Appendix A contains a complete list of the hearings, noting at which ones an interpreter appeared and what occurred.

The State filed a motion in August 2013 for a qualified court interpreter or the waiver of a qualified interpreter. Mr. William refused to waive the appointment of a qualified interpreter for trial and expressed via counsel his dissatisfaction with Sister Agnes who spoke a dialect he claimed he did not always understand and was not trained to interpret during court proceedings. The court granted his request for a continuance and removed the case from the trial docket so efforts to locate a Pingelapese interpreter could continue.

The State filed a motion in March 2014 regarding the use of an interpreter, seeking to make a record given the parties' inability to locate a suitable interpreter and the possibility that Mr. William had a sufficient grasp of the English language that an interpreter might not be required. During a hearing on the motion, the police detective who questioned Mr. William in 2011 as part of the investigation, Mr. William's brother, who is the alleged victim's stepfather, and Mr. William's sister-in-law, the alleged victim's mother, testified for the State.

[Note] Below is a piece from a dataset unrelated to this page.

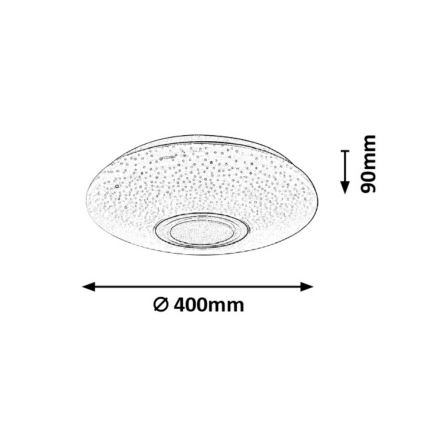 Rabalux - LED RGB Stmievateľné stropné svietidlo s reproduktorom LED/24W/230V Wi-Fi + diaľkové ovládanie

Detective Matt Brantner testified that he spoke with Mr. William for about an hour after giving him Miranda warnings. Mr. William had written the word "yes" on a document that asked if he could read and write English. While the detective acknowledged that he sometimes had difficulty understanding Mr. William due to his heavy accent and had to repeat certain words in English or find other words for Mr. William to understand what he was saying, he agreed that Mr. William did not "have any trouble understanding English or speaking English." Mr. Mike William testified that he did not grow up with his brother, who had remained on Pingelap, while he was raised on Pohnpei. Mr. Mike William indicated, however, that Pingelapese was the language spoken in the home or among friends, and that English was spoken and taught in the schools, particularly on Guam, where the Defendant had spent at least one year while growing up. He also testified that the Defendant had come to the United States in 1996, or eighteen years earlier. Ms. Cecelia William testified that she had met the Defendant in 2005 when both of them were working in a nursing home as certified nursing assistants. According to Ms. William, who does not speak Pingelapese, the Defendant spoke English with her and her children, including the victim, and at work. She agreed that Mr. William could speak English and that he could communicate with her. The State introduced the police interview video, emphasizing that it was conducted entirely in English.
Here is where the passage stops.